Given entries —

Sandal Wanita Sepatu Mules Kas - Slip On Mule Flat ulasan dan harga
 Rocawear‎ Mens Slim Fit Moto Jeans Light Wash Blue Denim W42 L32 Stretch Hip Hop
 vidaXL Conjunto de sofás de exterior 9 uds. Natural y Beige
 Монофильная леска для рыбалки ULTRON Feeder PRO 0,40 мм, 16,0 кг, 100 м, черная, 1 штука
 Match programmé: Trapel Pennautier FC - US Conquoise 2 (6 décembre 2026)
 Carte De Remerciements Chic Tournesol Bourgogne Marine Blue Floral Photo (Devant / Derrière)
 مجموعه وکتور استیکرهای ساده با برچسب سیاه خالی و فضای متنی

Work order —
Start with the line above that contains "Rocawear‎ Mens Slim" and stop after the line that contains "Carte De Remerciements". Output those lines exactly, and only those.

Your solution —
 Rocawear‎ Mens Slim Fit Moto Jeans Light Wash Blue Denim W42 L32 Stretch Hip Hop
 vidaXL Conjunto de sofás de exterior 9 uds. Natural y Beige
 Монофильная леска для рыбалки ULTRON Feeder PRO 0,40 мм, 16,0 кг, 100 м, черная, 1 штука
 Match programmé: Trapel Pennautier FC - US Conquoise 2 (6 décembre 2026)
 Carte De Remerciements Chic Tournesol Bourgogne Marine Blue Floral Photo (Devant / Derrière)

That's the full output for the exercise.